Recorded data:
· · · · · · ·

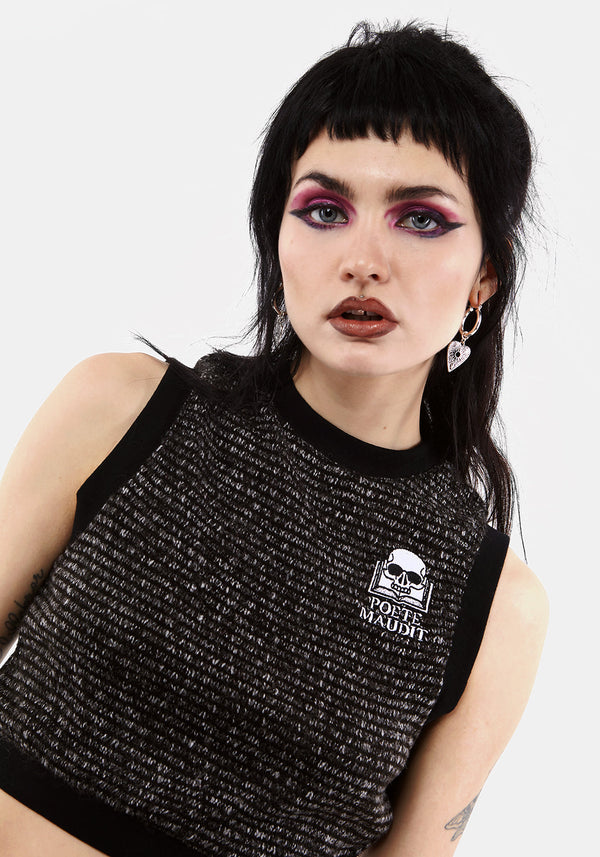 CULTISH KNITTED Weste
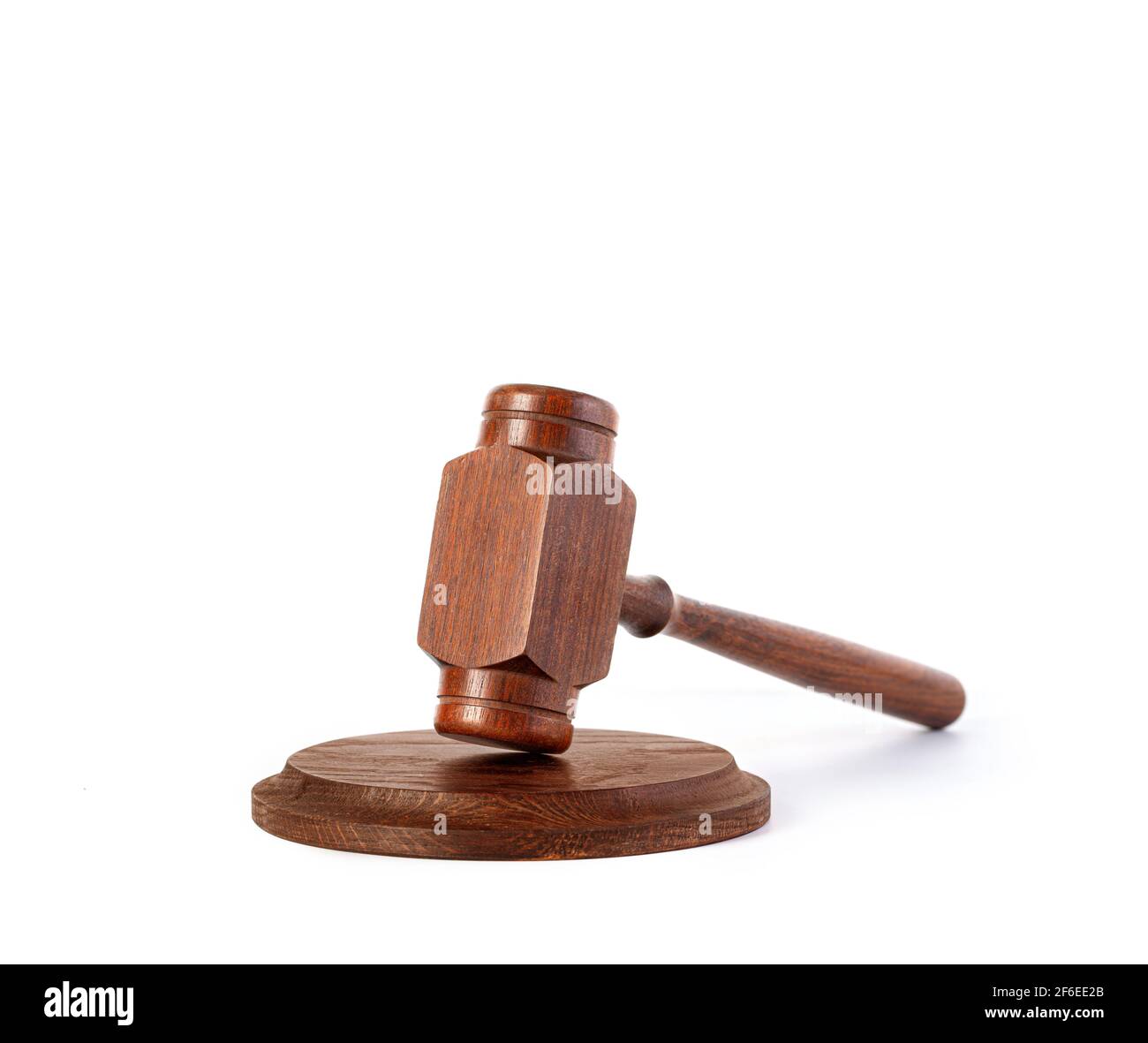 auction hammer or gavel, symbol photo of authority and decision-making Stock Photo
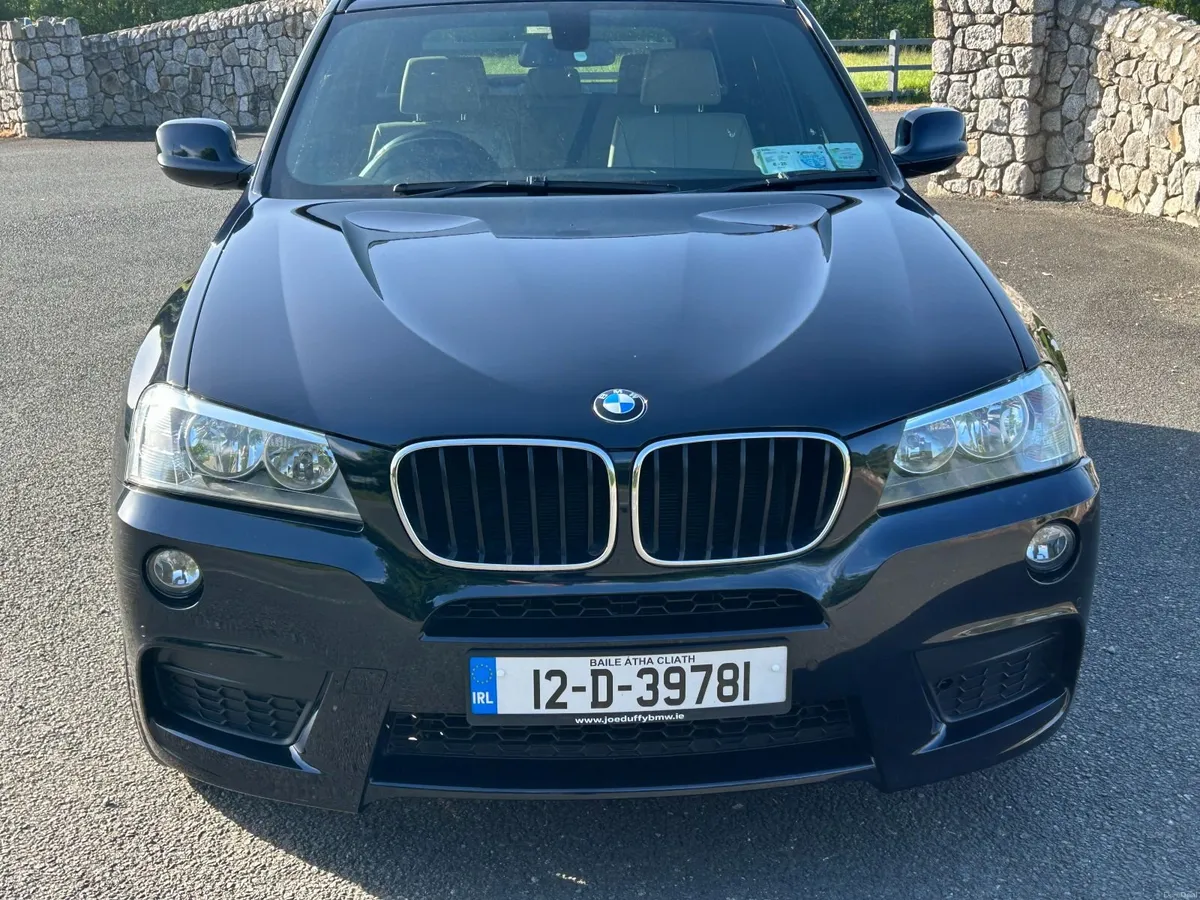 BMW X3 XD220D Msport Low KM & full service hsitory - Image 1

· · · · · · ·

Problem to solve: The material is to be reproduced verbatim, and no picture may appear in the copy.

Solution to the problem:
 CULTISH KNITTED Weste
 auction hammer or gavel, symbol photo of authority and decision-making Stock Photo
 BMW X3 XD220D Msport Low KM & full service hsitory - Image 1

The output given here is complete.